Lucky coins is a sacred game in my family.

I curse under my breath and thrust my entire savings—one week’s worth, since I can’t save anything more than a few days—into the vendor’s hands. His eyes light up as he hands us a full quarter of his stock.

Afterward, with our teeth sticky from black licorice and our lips stained red from cherry juice, we head toward the Menagerie singing one of Gomorrah’s folk songs.

Wicked, wicked to the core. The city will burn forevermore.

Or mostly singing. Unu and Du shriek to drown out Hawk, who, as always, is trying to show off her vocal range and make everyone else sound bad.

The Menagerie’s spires tower into the smoke that covers the Festival like an endless expanse of storm clouds. Its tent is so black it appears like a hole, seeping the color away from its surroundings. Pink, red and violet streamers—Gomorrah’s colors—ripple in the breeze at its peak.

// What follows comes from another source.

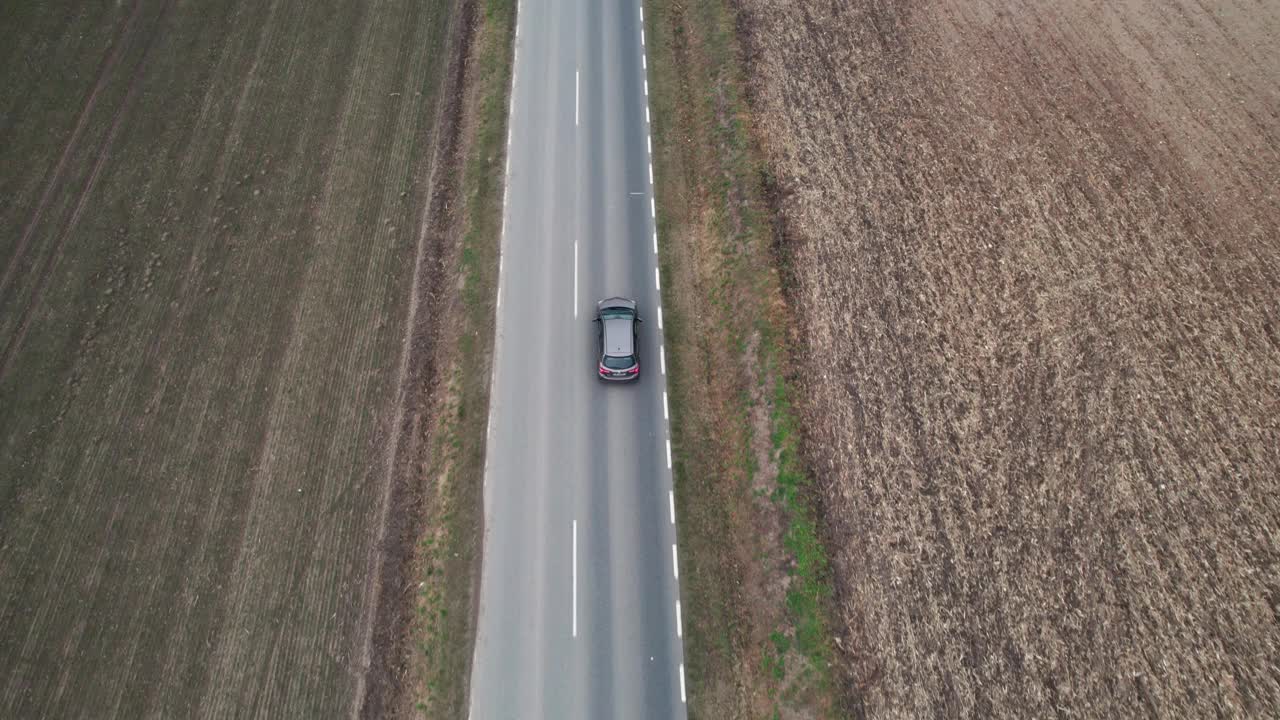 这辆车正行驶在穿过田野的道路上，无人机拍摄了航拍画面。秋天的时候在柏油路上，摄影机跟在车的后面。视频素材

The line outside snakes around the tent, and we grab a place at the end. Because the Menagerie is such a popular attraction, stands for kettle corn, palm readers and charms salesmen clutter its perimeter.

“Care for some coins?” a man asks Hawk. He bites the coin, and his teeth clack against the bronze. She turns her back to him, a pro at dealing with persistent vendors, but he continues, “Solid. Good quality. I have the Handmaiden, the Red Jester, the Harbinger—”

“We have enough coins,” Nicoleta tells him. We all know the coins sold in this part of the Festival attract more tourists than actual players. The gambling neighborhood sells the characters of real and rare value.

Perhaps it is the stern edge in Nicoleta’s voice, or perhaps the vendor knows a lost cause when he sees one, but he doesn’t pester us again, even though we remain next to his stand for several more minutes. He moves on to the Up-Mountain patrons behind us, who marvel at the thin coins and ask the vendor how to play.

“It’s your face,” Hawk tells Nicoleta. “He can see the lack of fun and warmth in your eyes.”

“I resent that,” she says.

Unu and Du tug on the sleeve of my night cloak. “Will you buy us some spiced wine?” Du whispers eagerly, his hazel eyes sparkling in the white torchlight. Unu, on the other hand, stares at their feet.

“You’re eleven,” I say.

“That’s an arbitrary number you made up.”

“Arbitrary is a big word for you.”

Du gives me one of his classic Du expressions. He leans his head back and scrunches his entire face together like he’s eaten a whole mouthful of sour-cherry drops. He uses this to feign being insulted.

Normally, I might say yes, but the spiced wine in this area of Gomorrah is highly potent—meant to get guests drunk and happy to spend. “Sorry, kiddo.” I pinch his cheek. “I’m too responsible a sister for that.”